I still feel ratios are fine but have a very wide range in most cases.

Regards, 
Tom Barr


----------



## dennis (Mar 1, 2004)

My htinking about ratios is that they are only important to you. I feel, at lesat so far inlmy limited experience, that a tank seems to have a raatio that it likes. That ratio may or may not work for another tank and if it works, it is mearly chance. I agree that there is probably a range of ratios that will cover most tanks but yuo will still need to tailor you specific one, that may change over time.


----------



## plantbrain (Jan 23, 2004)

It is a moving target certainly.
So if you want to approach it, you may want to try out a variety of ranges after getting a good feel.

But.....make sure you keep the other variables in line while you play with one or two etc.

That will give you much better results and allow you to see the effects much more clearly.

It'll also force you to do well with CO2, lighting, NO3 etc while messing with say... PO4.

There is a method to the madness in what I suggest.
The goal is to prove something to yourself, not me.

Regards, 
Tom Barr


----------



## Laith (Sep 4, 2004)

Now I'm even more confused :? 

So the 10:1 ratio is N: P (as per Edward and Tom)?
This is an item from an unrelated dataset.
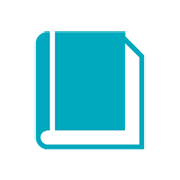 📘 Emoji Libro Azul en Microsoft Windows 8.1.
Therefore, the NO3 : PO4 ratio is 15 or 16:1?

Or do I just take a number in between as a baseline?


----------



## dennis (Mar 1, 2004)

Laith,

The lower the fish load/feeding, the lower the ratio needs to be. I feed lightly and have only moderate fish loads so I started witha ratio of 8.5:1 N/P I am now dosing ~20ppm N and 3ppm P a week, a ratio of about 6.7:1. HTis is a change that I have worked to over the past few months, mainly by just increasing my NO3 dosing to try to keep it from bottoming out. That is a good bit of P and I know that some might question this but I am mearly experimenting and learning. I am trying ot find my limits a my tanks limits. HTis is of course in one tank I have. The others are all different. Yours will not be like mine. The most important thing you cando for your plants, and to keep out algae is to make sure that [email protected] is 30ppm and that your NO3 *never*hits 0ppm. Keep these up for a couple weeks where they belong, dose P 1-2ppm a week and dose plenty of trace. Keep this up for 2-3 weeks thenif you want start playing with your ratios. The only resaon to adjust is to try and make your life easier, lower P means less N use, slower growth, less trimming, etc, as does lower light Tom, or to try and bring out the red of plants like Ludwigia or Rotala, etc. by having a balanced lower N.

Hope that rambling helped


----------



## Edward (May 25, 2004)

Laith said:


> Now I'm even more confused


N 16:1 marine
N 10:1 aquatic

N 10:1 = NO3O4 10:0.69 = NO3O4 14.5:1

Edward


----------



## Laith (Sep 4, 2004)

Thanks for the clarifications.


----------